- [WHAT THIS TASK INVOLVES]:
Print, word for word, the line containing "Thumbnail 70 of" and all lines beneath it to the end of the entries below. Pictures do not belong in the copy.

- [INPUT]:
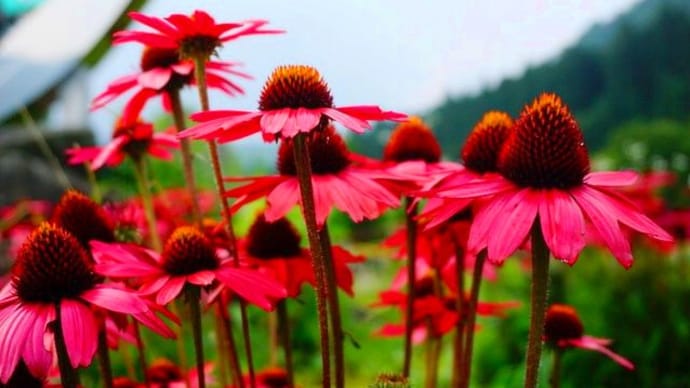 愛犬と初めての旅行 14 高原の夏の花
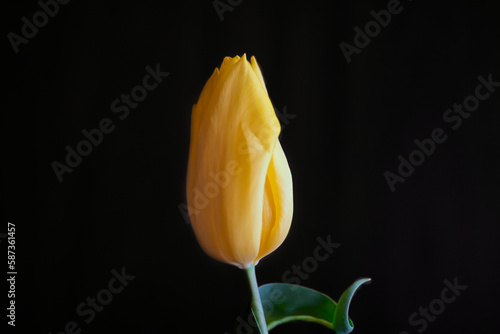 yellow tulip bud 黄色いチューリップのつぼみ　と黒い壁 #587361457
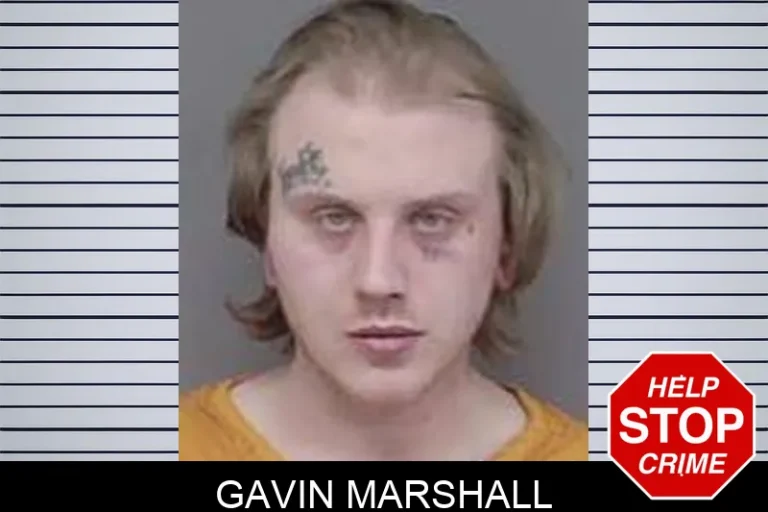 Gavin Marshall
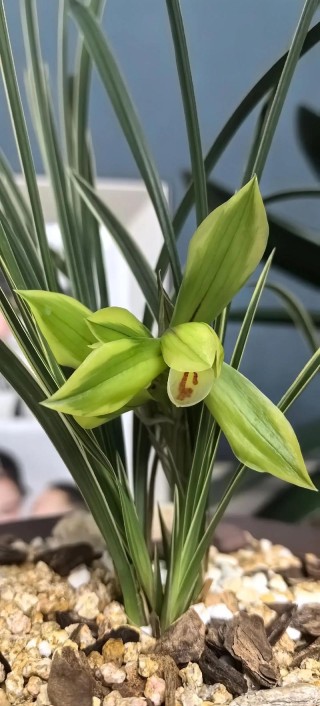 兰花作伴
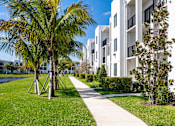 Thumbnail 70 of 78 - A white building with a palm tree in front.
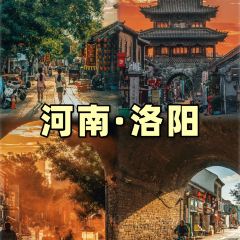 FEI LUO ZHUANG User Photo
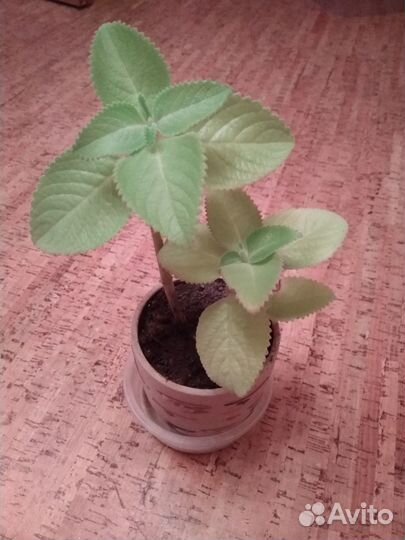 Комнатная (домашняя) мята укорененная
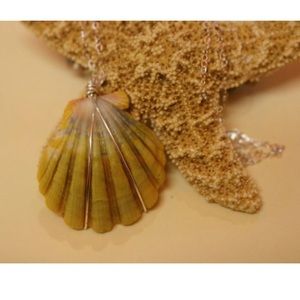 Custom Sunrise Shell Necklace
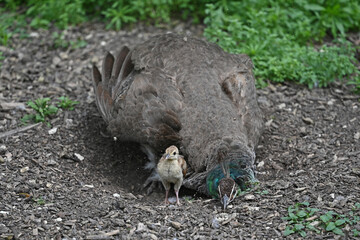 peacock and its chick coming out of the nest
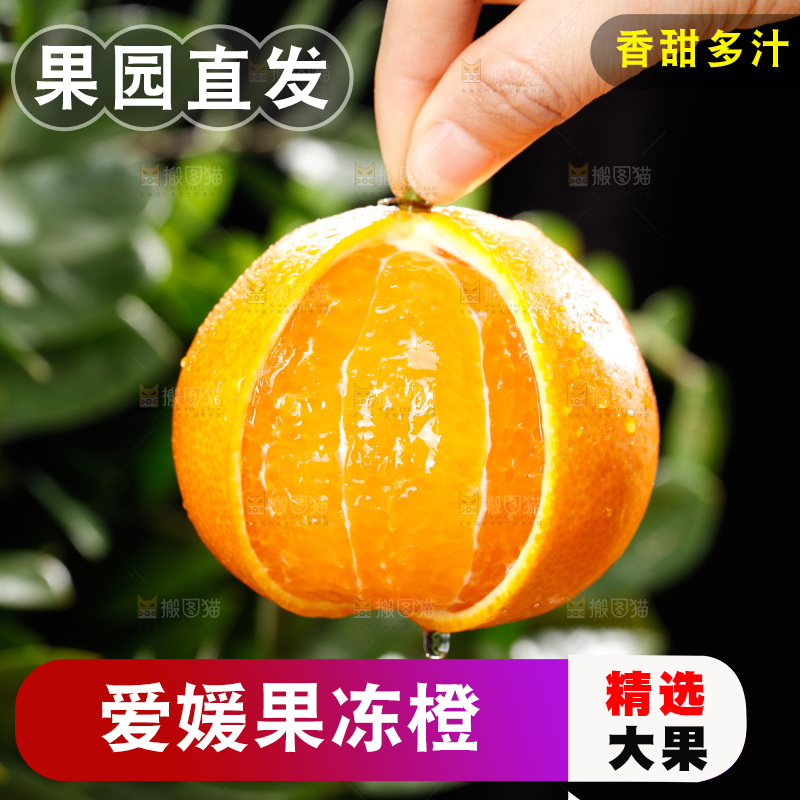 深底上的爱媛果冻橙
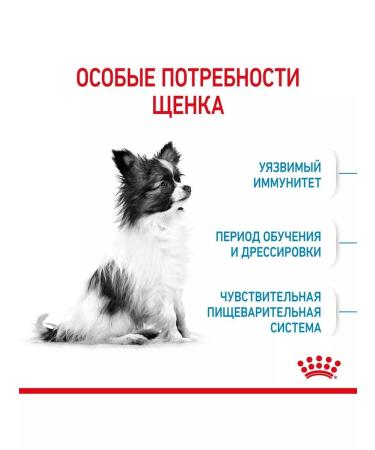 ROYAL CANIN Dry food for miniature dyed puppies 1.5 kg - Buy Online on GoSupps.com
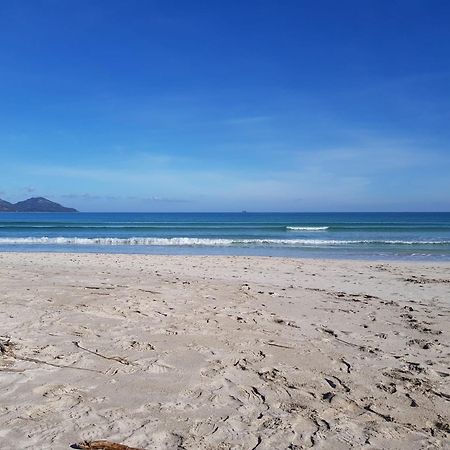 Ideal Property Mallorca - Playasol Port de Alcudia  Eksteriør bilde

- [SOLUTION TO THE PROBLEM]:
 Thumbnail 70 of 78 - A white building with a palm tree in front.
 FEI LUO ZHUANG User Photo
 Комнатная (домашняя) мята укорененная
 Custom Sunrise Shell Necklace
 peacock and its chick coming out of the nest
 深底上的爱媛果冻橙
 ROYAL CANIN Dry food for miniature dyed puppies 1.5 kg - Buy Online on GoSupps.com
 Ideal Property Mallorca - Playasol Port de Alcudia  Eksteriør bilde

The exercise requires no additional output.